THE PROBLEM: Write out the listing exactly, dropping any picture it contains.
○ ○ ○ ○ ○
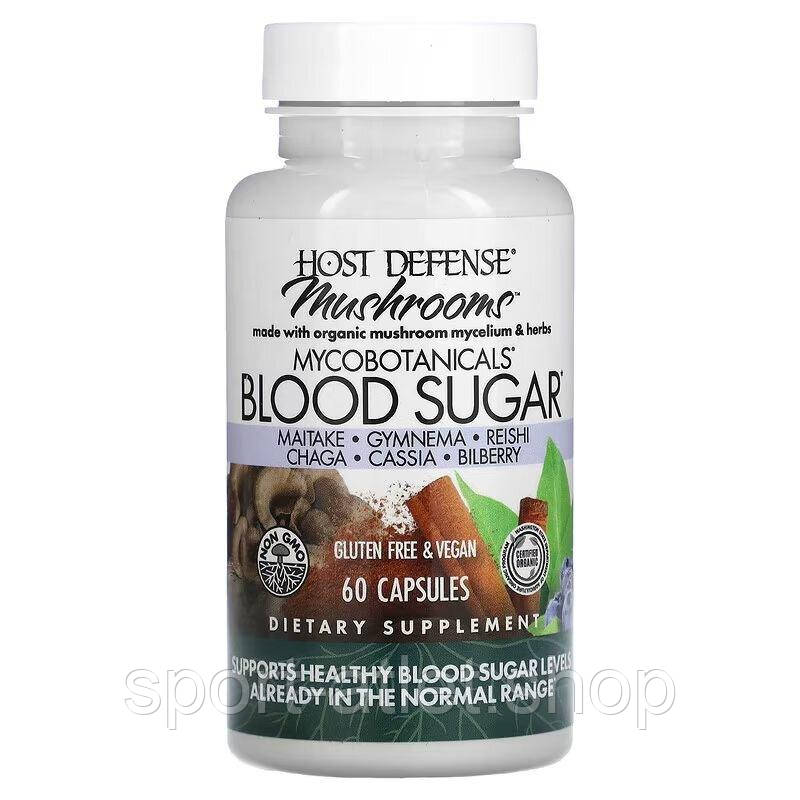 Суміш грибного міцелію та трав Host Defense MycoBotanicals Blood Sugar, 60 капсул для підтримки рівня цукру в крові, фото 1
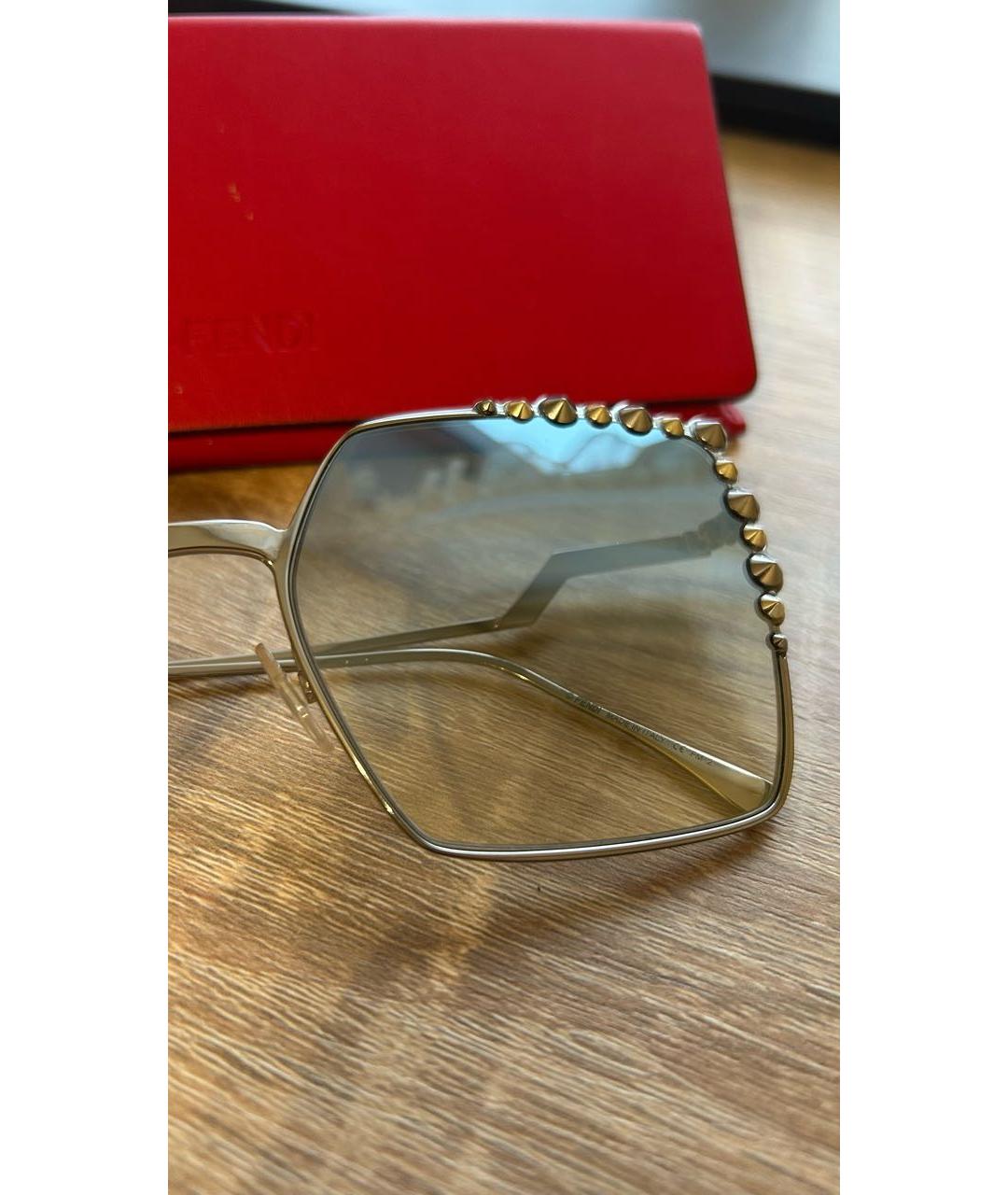FENDI Серые металлические солнцезащитные очки, фото 5
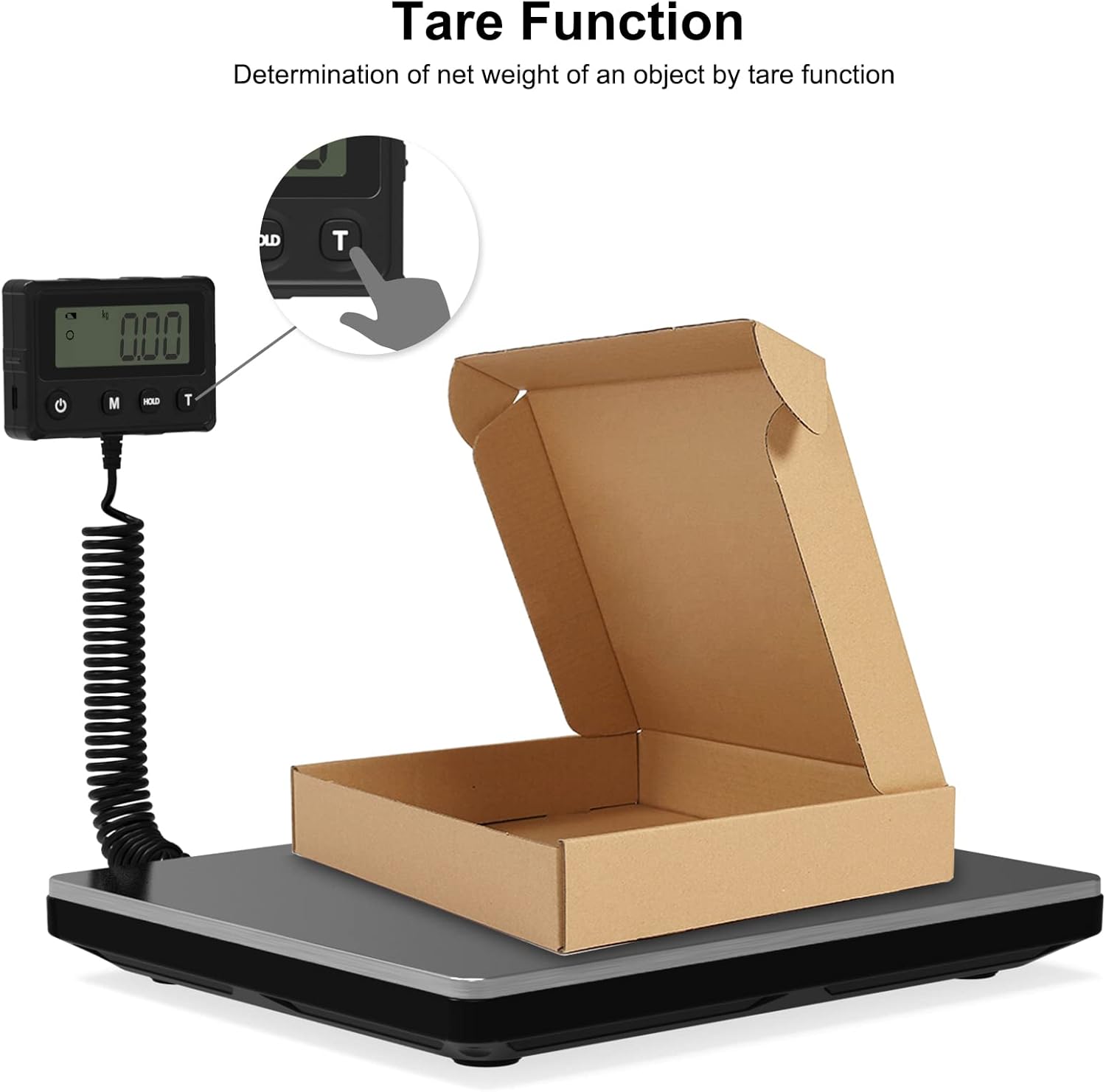 Maxus Shipping Scale 440lb, LCD Digital Postal Scale with Hold and Tare Funtion, Postage Scale for Packages Luggage Post Office Warehouse, Battery and Tape-c Power, Black - Lumora Desk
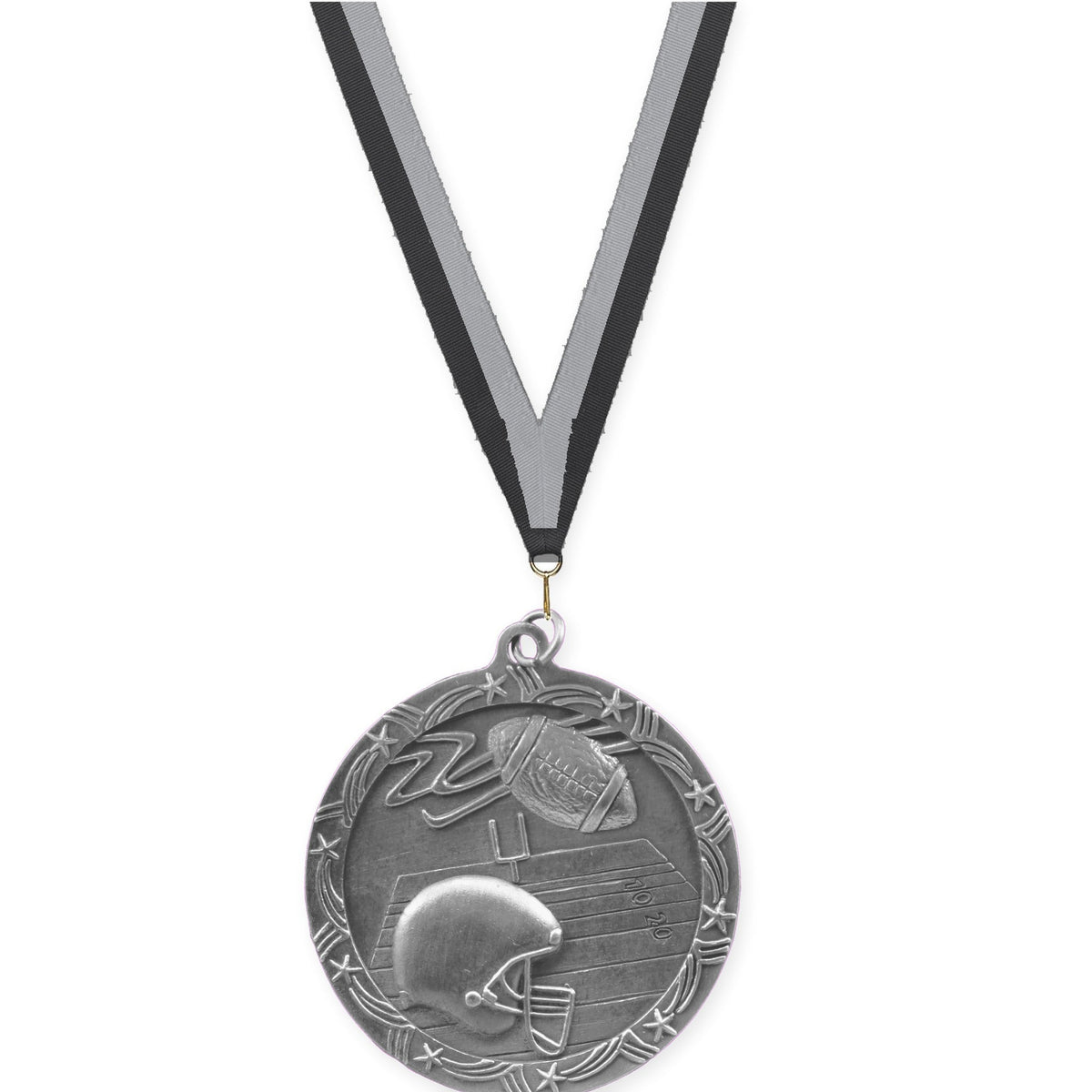 2 1/2 inch football Shooting Star medal in antique silver with Black Gray neck ribbon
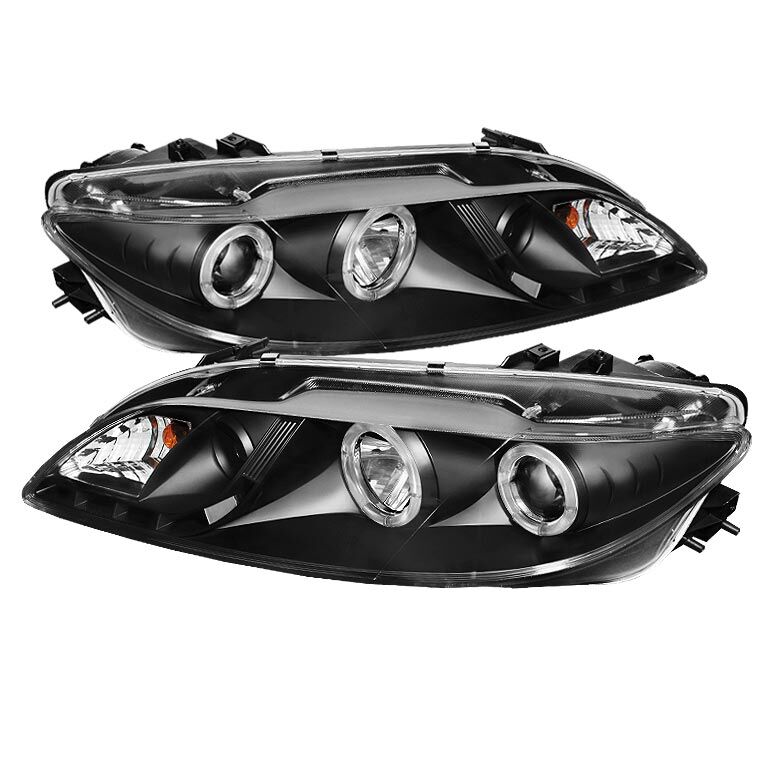 2003-2005 Mazda 6 Black Halo + LED DRL Projector Headlights - 444-M603-FOG-DRL-
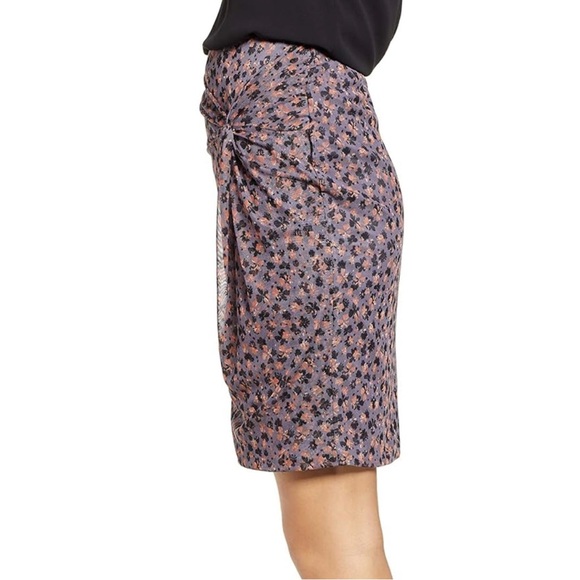 1.STATE Ditsy Drift Ruched Mini Skirt | Size S - Picture 9 of 11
○ ○ ○ ○ ○
FINAL ANSWER:
 Суміш грибного міцелію та трав Host Defense MycoBotanicals Blood Sugar, 60 капсул для підтримки рівня цукру в крові, фото 1
FENDI Серые металлические солнцезащитные очки, фото 5
 Maxus Shipping Scale 440lb, LCD Digital Postal Scale with Hold and Tare Funtion, Postage Scale for Packages Luggage Post Office Warehouse, Battery and Tape-c Power, Black - Lumora Desk
 2 1/2 inch football Shooting Star medal in antique silver with Black Gray neck ribbon
 2003-2005 Mazda 6 Black Halo + LED DRL Projector Headlights - 444-M603-FOG-DRL-
 1.STATE Ditsy Drift Ruched Mini Skirt | Size S - Picture 9 of 11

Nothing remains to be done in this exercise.